After the family finished breakfast Ryan and Stephanie washed and dried the dishes and John went outside to start loading suitcases and bags in the back of his white Ford Taurus station wagon. John’s two dogs ran out to the car with John and quickly jumped in.
It was fortunate that John had purchased the station wagon model of the Ford Taurus as it was able to accommodate all of the family’s luggage. As they started down the road Stephanie said, “It’s sure good to be with again Dad. I really miss you when I’m living with Mom.”
“Yeah, me,too, Dad. We think you’re awesome,” added Ryan.
John felt a tear trickle down his face when he said,”I love you guys, too and I miss you terribly when you’re gone.”
After a few minutes passed Ryan noticed that his dad was pacing around the small living room. “What’s up?, Dad. You look like you’ve got something on your mind.”
“Have a seat on the couch, guys. I have some good news and some bad news to tell you,” said John still nervously pacing the floor. “Which do you want first?”
‘Hit us with the bad news first, Dad,” said Stephanie with a worried look on her face.
“Okay. The bad news is about your Grandpa. I just got a call from your Aunt Meg earlier today. She told me that Grandpa’s cancer has gotten worse and that he may only have one or two months to live,” John answered.
“That’s terrible news,” said Ryan with a pained expression on his face.

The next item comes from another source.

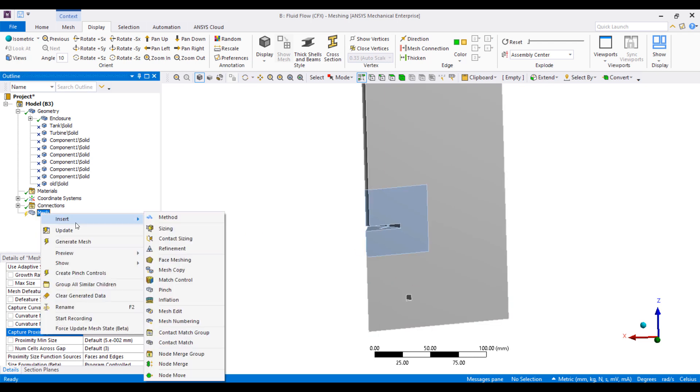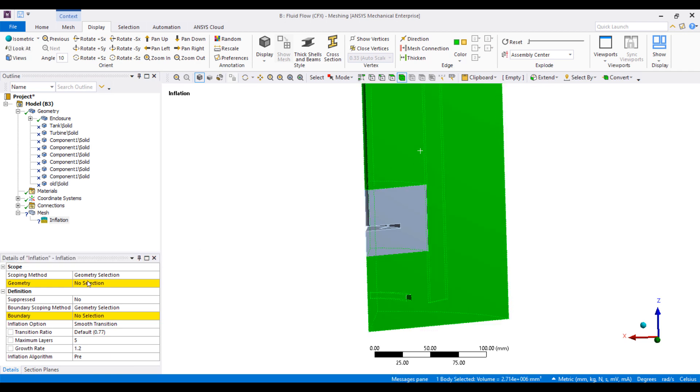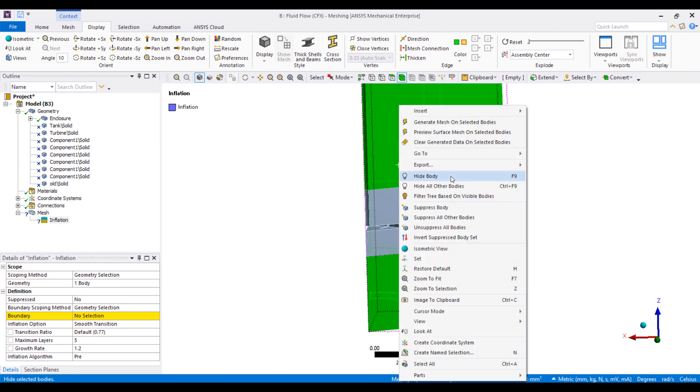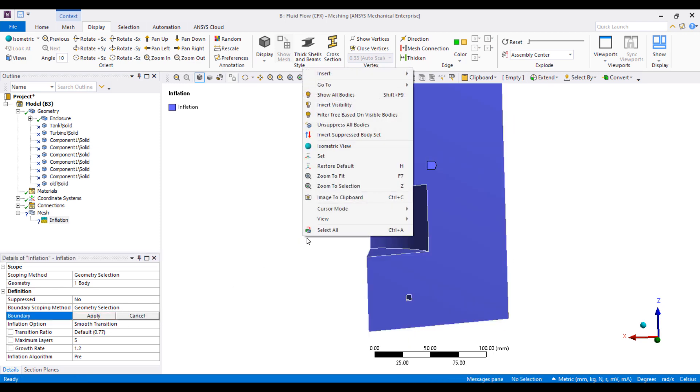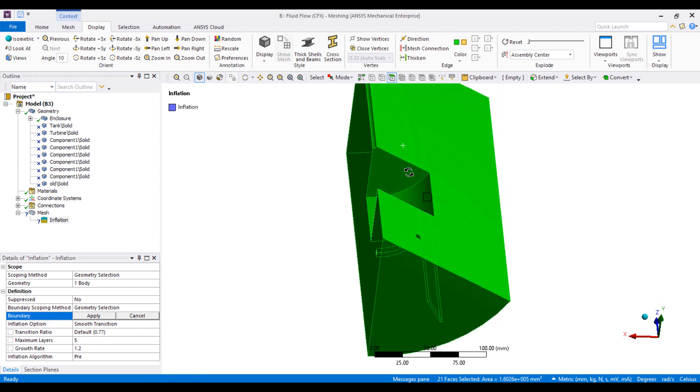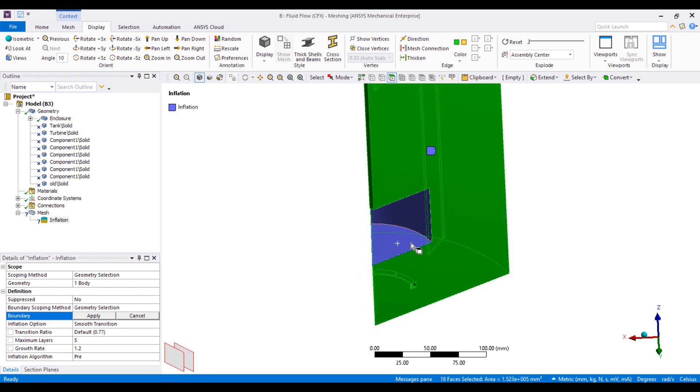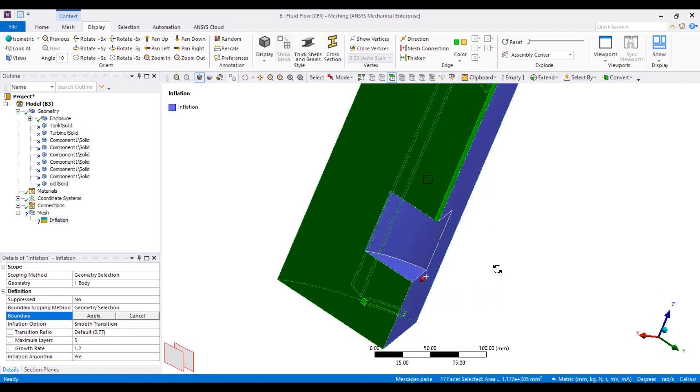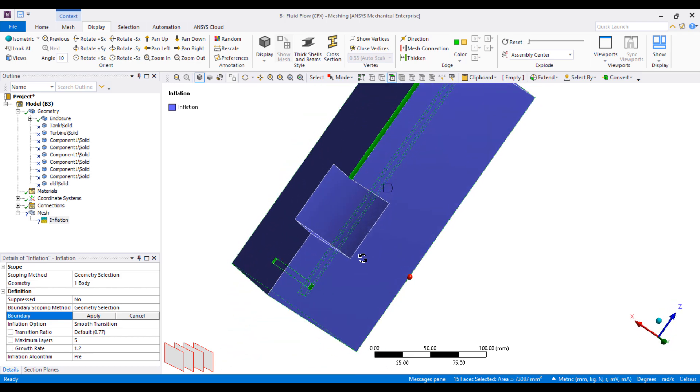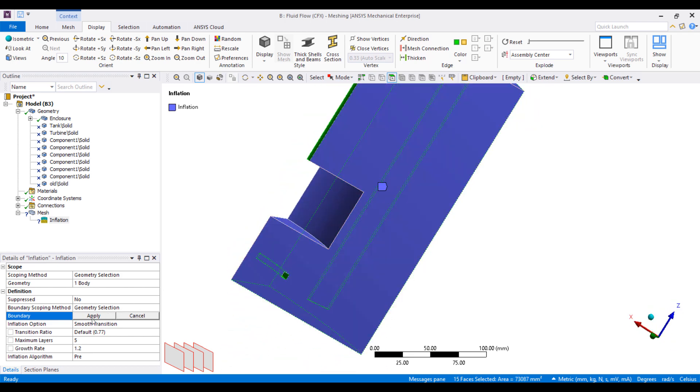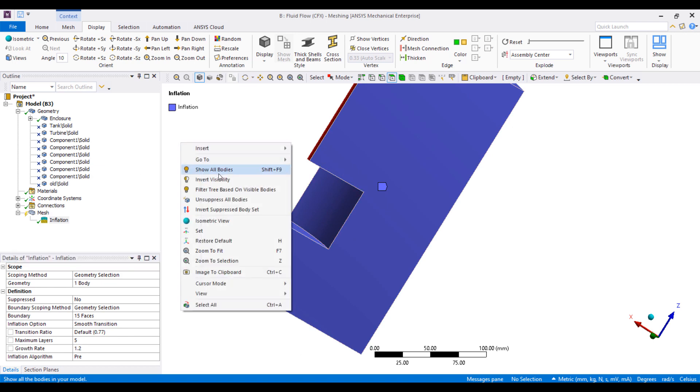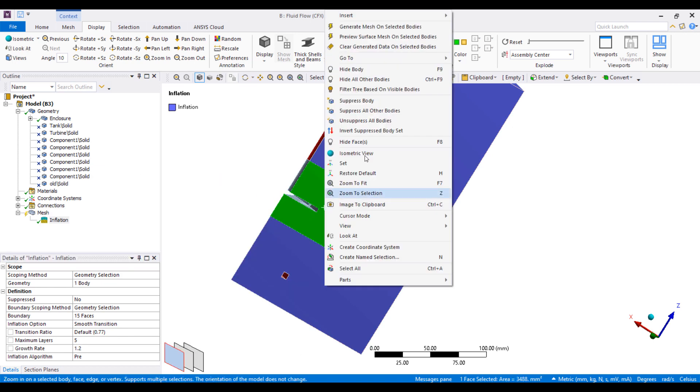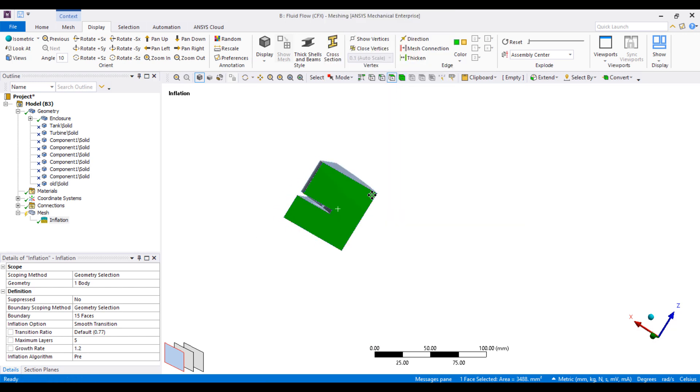Start the inflation layer on the stationary domain here. Let's hide all the other bodies, and we will include all of the surfaces and exclude anything that's not a wall boundary. So these are the areas where it's not walls.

“We have to visit him before he dies,” said Stephanie.
“I’ve got that part covered,” said John. “That’s the good news. We’re starting on a drive to Aunt Meg’s place tomorrow morning. She wants our company until your Grandpa passes away. We’ll be staying at her place for most of the summer.”
“Did you say we’re leaving tomorrow? Dad” asked Ryan.
“Yep, I want to get an early start. I want to be on the road by eight A.M. tomorrow morning,” answered John.
“Wow, this is short notice. We’ll have to start packing this evening,” said Stephanie.
“That’s the plan,” John replied. “We’ll start packing right after supper. I’m going to phone Pizza Hut and order us some pizza. What kind of pizza would you guys like?”
“Ham and pineapple for me,” answered Stephanie.
“Pepperoni for me,” said Ryan.
When their pizza delivery arrived John, Stephanie and Ryan got into a lively discussion.
“Are we going to have enough money for the trip? Dad, “asked Ryan.
“Yeah, do you guys remember my cousin, Ronnie?”
“Yeah, I remember him coming to visit you a couple of times,” said Stephanie.
“As I recall he was pretty well off, wasn’t he? He drove a really cool Porshe,” said Ryan.
“Yes, cousin Ronnie did very well for himself as a life insurance agent,” answered John. “ I forgot to tell you guys Ronnie had a fatal heart attack in January. He didn’t have many family members left, so he left me a substantial inheritance in his will.”